Staking rewards and treasury revenue - Discussion


Hello, I’ve been part of the DAO since the airdrop and I felt like the token was a lot stronger when the protocol earnings were used to buy back the 1inch token. The 1inch token should go to those who are interested in the protocol so here's a proposal to change the current mechanics and not impact the treasury from earning. I know this is similar to another discussion going on but I'd like thought on my dream.


Those who stake are currently only rewarded with gas and there's no incentivization to participate in governance. If there was a way to incentivize based on participation it would be valuable to the protocol. If an epoch system was put in place like what synthetix uses, rewards can be distributed to those interested in the protocol instead of those who only want to park their tokens without strengthening the DAO. This would mean a monthly poll - maybe on a custom snapshot place or built into the dapp - to understand who voted and what percentages they voted for. Voting on percentages along with a requirement to vote on proposals when they're active will make governance much more attractive.

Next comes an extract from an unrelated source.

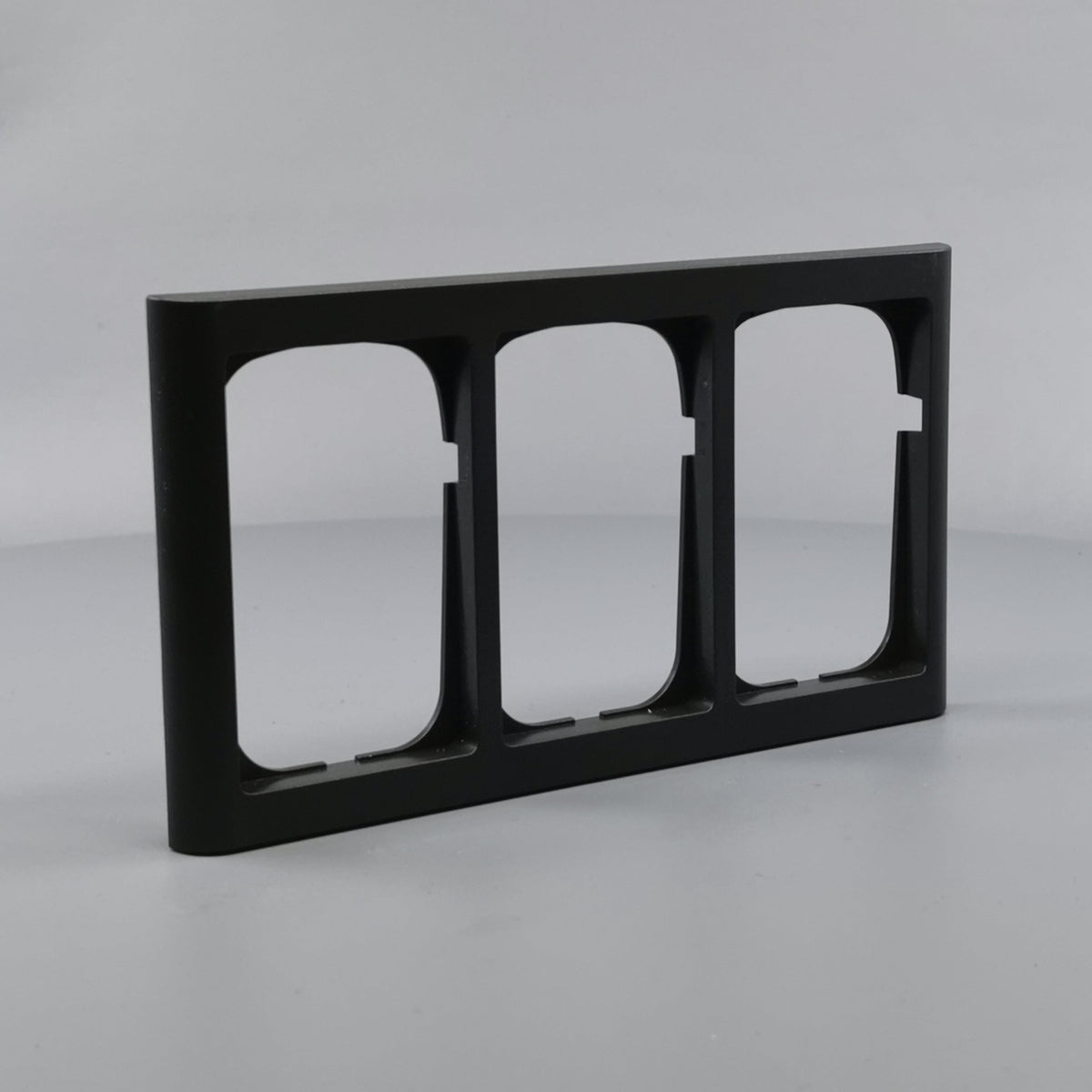 LK Fuga ramme Softline 63 3x1½m - koksgrå (360° frame 23)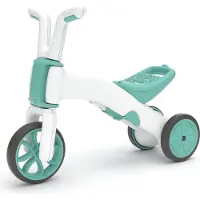 Chillafish Bunzi ldzsvara velosipds - transformers paiem mazkajiem 2-in-1, mint, no 1 ldz 3 gadiem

  • Send only 20% of the protocol revenue to the treasury
  • Return the other 80% of the protocol revenue to those who participate in governance
  • Return any un-claimed tokens back to the DAO at the end of every epoch

An extension on this idea could convert 20% of the revenue into earning assets like aave usdc or compound usdc so the treasury can earn passively without needing traders and possibly farmed revenue returned to stakers.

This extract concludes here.